____ Data section

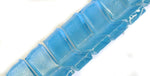 Blue Sky Inner Corner - Glass Tile cheap stone veneer clearance - Discount Stones wholesale stone veneer, cheap brick veneer, cultured stone for sale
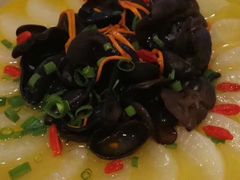 -南昌绿地铂瑞酒店·臻萃轩中餐厅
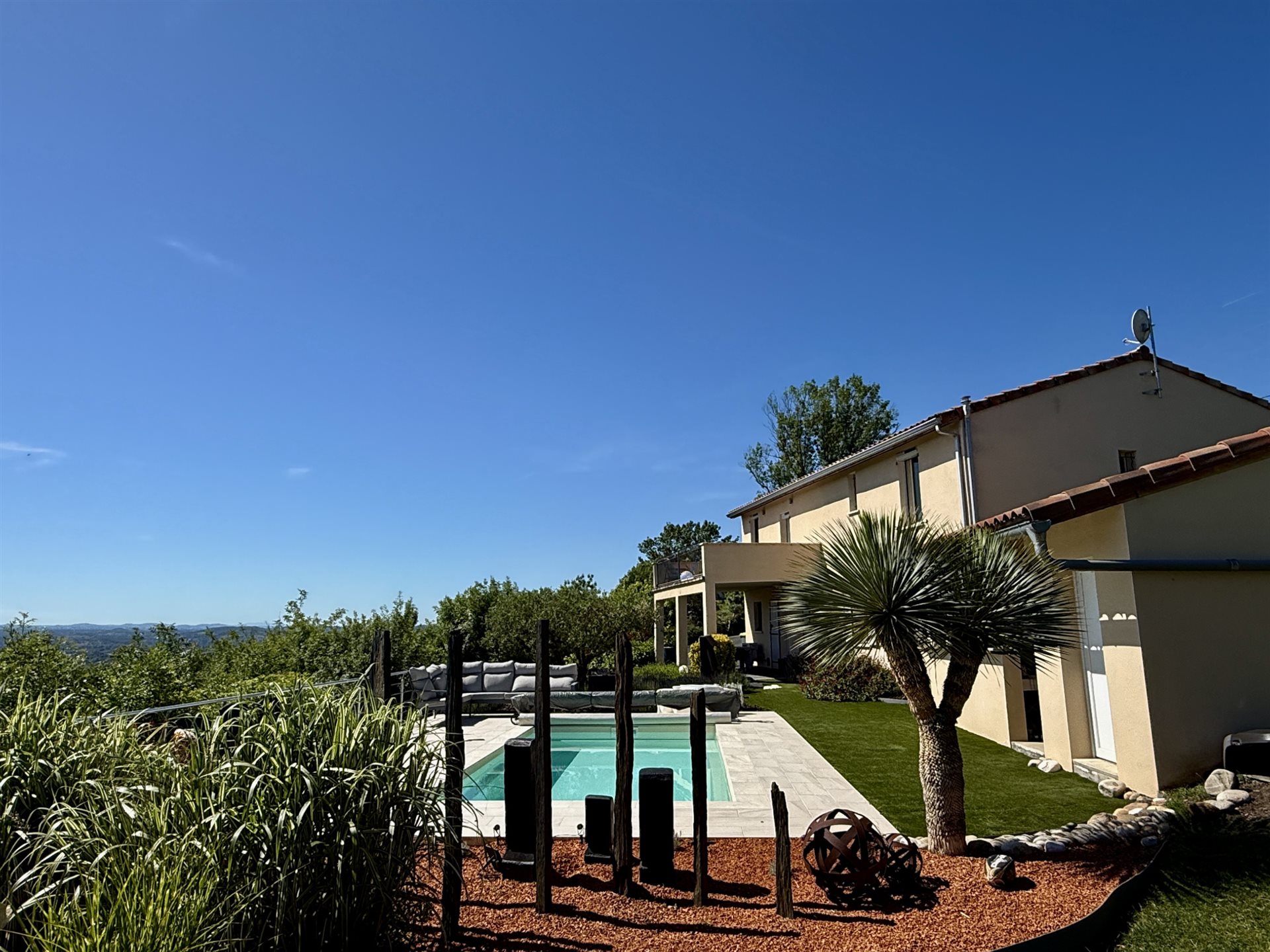 Maison à vendre, 129m², Albi
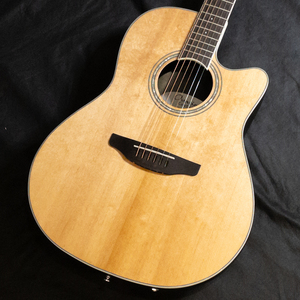 Ovation CS24-4-G NAT(NATURAL) / Celebrity Standard / Mid Depth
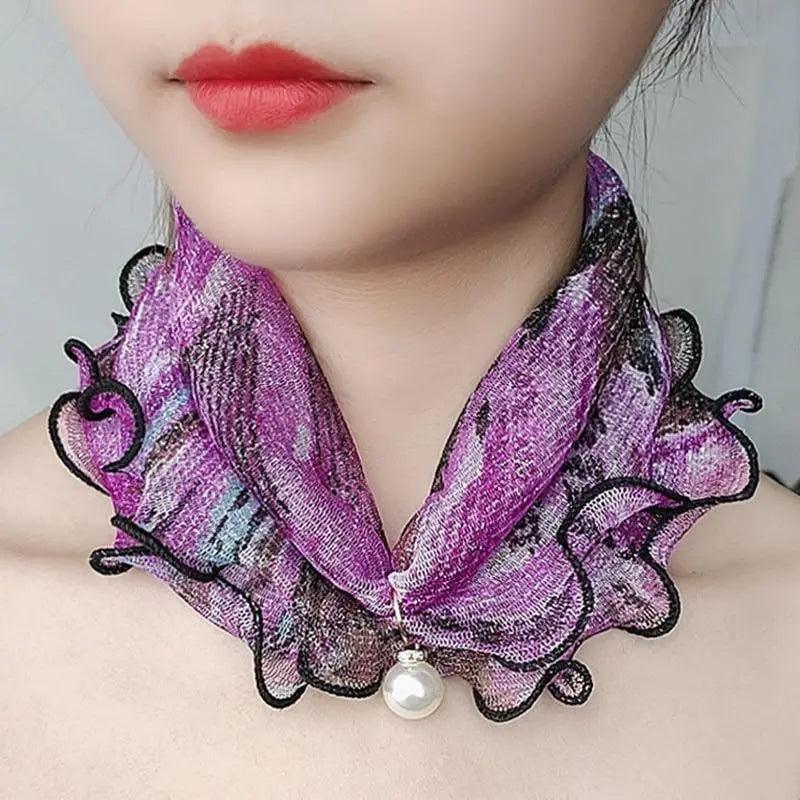 Neck Collars Fashion Scarves for Women And Girls Print Satin Silk Scarf Female Bandana Head Bib Scarfs For Ladies - ALLURELATION - 577, Best elling scarfs, Birthday Gift, elegance Silk Scarf, Fashion Scarves, Female Bandana, gift for girls, Head Bib Scarfs, head scarves for women, Hot Sale scarfs, luxury Silk Scarf, neck scarves for women, Print Satin, Scarfs For Ladies, Scarves, Scarves for girls, Scarves for Women, Silk Scarf, Silk Scarf for female, Stylish look Silk Scarf - Stevvex.com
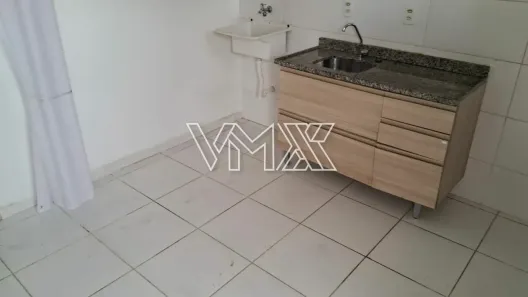 Apartamento com 1 Quarto para alugar, 22m² no Carandiru, São Paulo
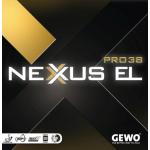 Gewo Belag Nexxus EL-Pro38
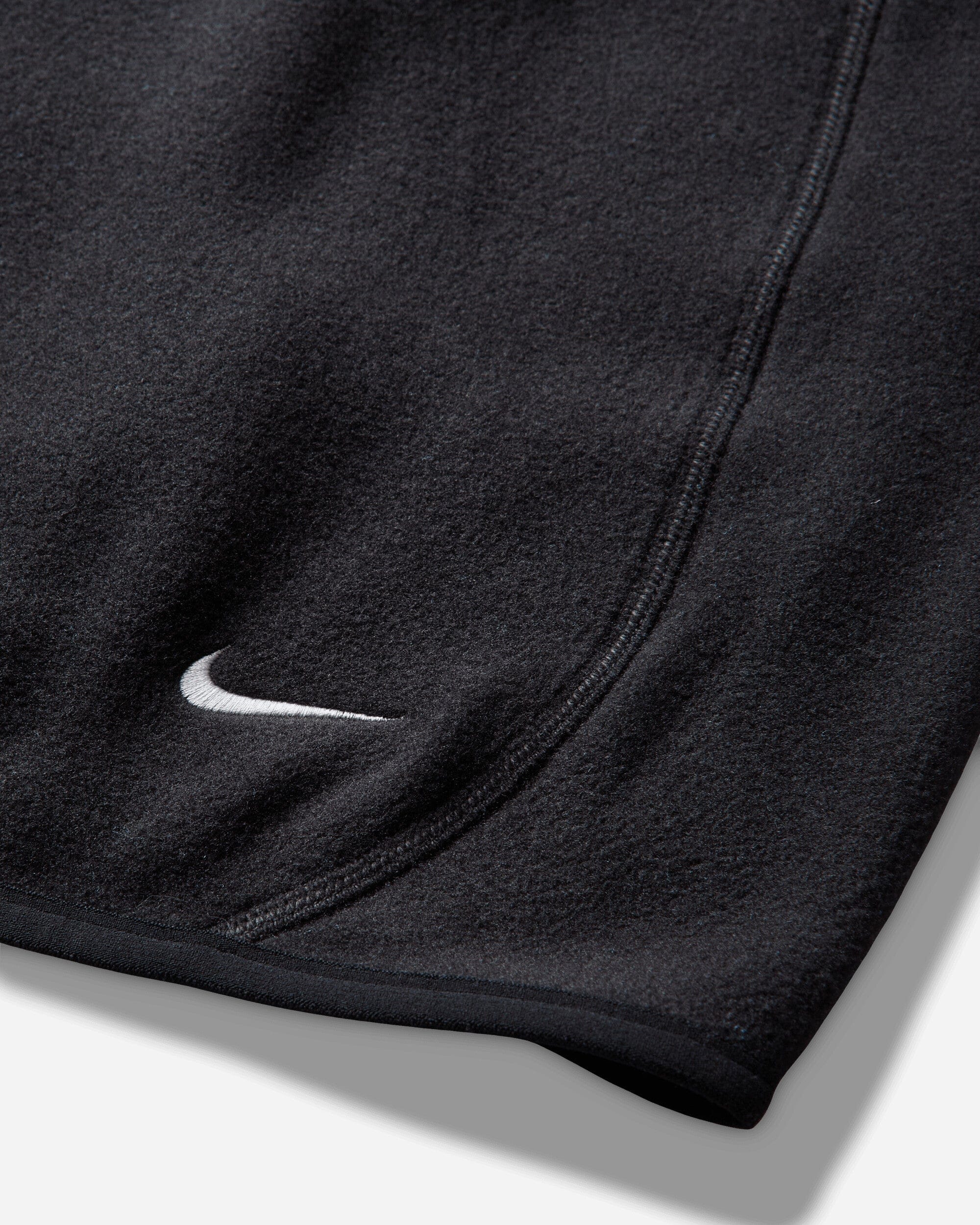 Nike Men's ACG "Wolf Tree" Full-Zip Jacket Black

________

**Required action:** Once the line containing "Ovation CS24-4-G NAT(NATURAL)" has been found, write out exactly that line and each one after it through the end of the data, leaving out every picture.

**Completed exercise:**
 Ovation CS24-4-G NAT(NATURAL) / Celebrity Standard / Mid Depth
 Neck Collars Fashion Scarves for Women And Girls Print Satin Silk Scarf Female Bandana Head Bib Scarfs For Ladies - ALLURELATION - 577, Best elling scarfs, Birthday Gift, elegance Silk Scarf, Fashion Scarves, Female Bandana, gift for girls, Head Bib Scarfs, head scarves for women, Hot Sale scarfs, luxury Silk Scarf, neck scarves for women, Print Satin, Scarfs For Ladies, Scarves, Scarves for girls, Scarves for Women, Silk Scarf, Silk Scarf for female, Stylish look Silk Scarf - Stevvex.com
 Apartamento com 1 Quarto para alugar, 22m² no Carandiru, São Paulo
 Gewo Belag Nexxus EL-Pro38
 Nike Men's ACG "Wolf Tree" Full-Zip Jacket Black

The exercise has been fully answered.